A recepção foi feita pela cônsul-geral Evelyne Coulombe, que evidenciou a importância desse tipo de trabalho: “Imagina o impacto disso? A mulher empoderada financeiramente fica independente do parceiro”, disse, antes de explicar como surgiu a parceria com a responsável pela ONG, Virna Elias: “Quando cheguei aqui, em 2016, pouco tempo depois teve o Dia da Mulher. Igualdade de gênero é algo muito importante no Canadá. Fiz uma recepção para marcar a data. Não havia ainda uma rede de contato, mas imediatamente, 80 convidadas confirmaram presença. Assim, me dei conta da vontade de falar sobre esse tema”.

Virna, MBA em Empreendedorismo e Desenvolvimento de Novos Negócios pela Fundação Getúlio Vargas, era uma delas, apesar de não estar interessada no evento em um primeiro momento. Ali, conheceu Evelyne, mas foi em uma reunião posterior que ela mostrou interesse em dividir seus conhecimentos com outras mulheres da Zona Oeste, o que fez a cônsul-geral citar um edital que selecionava projetos para serem contemplados com o Fundo Canadense de Iniciativas Locais, um financiamento com validade de um ano destinado a projetos com resultados concretos, tangíveis e duráveis. Assim, formalizou sua ideia, apresentada ao governo canadense.

Assim que o “Empreendedoras de Batom” foi contemplado, a ideia era ajudar mulheres apenas entre os 18 e os 35 anos, mas a procura por parte de outras faixas etárias foi tão grande que o programa passou a atender mulheres também de outras idades, desde adolescentes até a terceira idade. “No Canadá, há muitas mulheres com mais de 50 empreendendo. Não queríamos fechar as possibilidades”, comentou Evelyne. O número de integrantes também foi além do esperado: “Recrutamos 250 mulheres. A meta era atender 180, mas fechamos com 183, além dos professores”, observou Virna.

As aulas aconteceram entre outubro e fevereiro, após pesquisa acerca do perfil da mulher empreendedora da região, o que permitiu desenvolver uma metodologia didática o suficiente para todas. Além dos ensinamentos diversos, as participantes receberam ajuda também de profissionais da área de coaching ensinando-as a buscar caminhos diante de dúvidas como “e agora, o que faço?” – por exemplo, uma das alunas vendia quentinhas, mas não sabia o caminho a ser seguido para legalizar seu negócio, lidar com o faturamento e começar a aceitar vale-refeição. Foi ainda realizada uma feira para cada uma mostrar suas produções ao público e apenas nesta data, foram arrecadados mais de R$15 mil – a ideia é produzir edições mensais, levando público de outros bairros ao centro de Santa Cruz (por ser de fácil acesso devido à estação do trem e os outros meios de transporte) e promovendo a circulação de dinheiro no local.

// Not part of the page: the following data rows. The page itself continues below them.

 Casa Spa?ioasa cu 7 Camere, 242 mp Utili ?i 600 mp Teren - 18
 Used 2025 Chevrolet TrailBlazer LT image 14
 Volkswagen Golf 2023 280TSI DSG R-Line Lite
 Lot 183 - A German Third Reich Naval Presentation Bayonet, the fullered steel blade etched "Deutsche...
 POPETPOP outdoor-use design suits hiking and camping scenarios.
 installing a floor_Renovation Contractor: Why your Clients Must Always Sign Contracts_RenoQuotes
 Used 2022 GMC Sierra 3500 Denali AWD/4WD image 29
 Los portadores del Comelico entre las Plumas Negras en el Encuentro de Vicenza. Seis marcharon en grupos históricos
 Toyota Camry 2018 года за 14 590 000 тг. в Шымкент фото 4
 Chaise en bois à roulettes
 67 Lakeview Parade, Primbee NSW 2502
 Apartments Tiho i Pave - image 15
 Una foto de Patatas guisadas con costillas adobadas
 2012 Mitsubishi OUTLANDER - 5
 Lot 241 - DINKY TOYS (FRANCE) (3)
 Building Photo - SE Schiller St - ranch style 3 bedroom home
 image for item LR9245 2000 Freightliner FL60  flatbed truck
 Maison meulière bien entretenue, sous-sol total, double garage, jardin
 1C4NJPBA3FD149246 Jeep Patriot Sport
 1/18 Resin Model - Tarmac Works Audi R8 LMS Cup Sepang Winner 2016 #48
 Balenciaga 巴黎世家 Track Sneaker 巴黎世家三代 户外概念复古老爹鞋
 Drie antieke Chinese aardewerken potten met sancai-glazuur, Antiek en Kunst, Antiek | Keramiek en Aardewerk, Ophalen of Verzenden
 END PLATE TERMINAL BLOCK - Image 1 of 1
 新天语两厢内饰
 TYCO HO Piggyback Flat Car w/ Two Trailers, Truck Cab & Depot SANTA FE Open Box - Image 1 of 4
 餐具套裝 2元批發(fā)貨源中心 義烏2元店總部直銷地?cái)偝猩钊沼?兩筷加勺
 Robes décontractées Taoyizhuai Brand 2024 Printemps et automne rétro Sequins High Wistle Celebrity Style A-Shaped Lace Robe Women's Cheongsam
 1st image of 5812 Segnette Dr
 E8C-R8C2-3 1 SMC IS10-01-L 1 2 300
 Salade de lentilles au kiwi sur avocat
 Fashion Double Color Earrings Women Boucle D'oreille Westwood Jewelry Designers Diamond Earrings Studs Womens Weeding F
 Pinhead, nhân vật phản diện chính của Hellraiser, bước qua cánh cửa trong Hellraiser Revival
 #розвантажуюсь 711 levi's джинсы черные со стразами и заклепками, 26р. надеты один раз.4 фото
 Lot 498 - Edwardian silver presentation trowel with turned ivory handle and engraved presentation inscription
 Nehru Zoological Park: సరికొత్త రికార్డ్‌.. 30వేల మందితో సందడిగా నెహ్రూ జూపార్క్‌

Apesar do sucesso, o projeto foi encerrado devido ao fim da contribuição financeira. “Quando acabou, pensei em sair de Santa Cruz e buscar outro norte, mas acho que ainda não acabou”, acredita Virna, que inscreveu a ideia novamente no edital do Fundo Canadense de Iniciativas Locais, que, neste ano, traz igualdade de gênero e empoderamento de mulheres e meninas como os temas considerados prioritários pelo programa.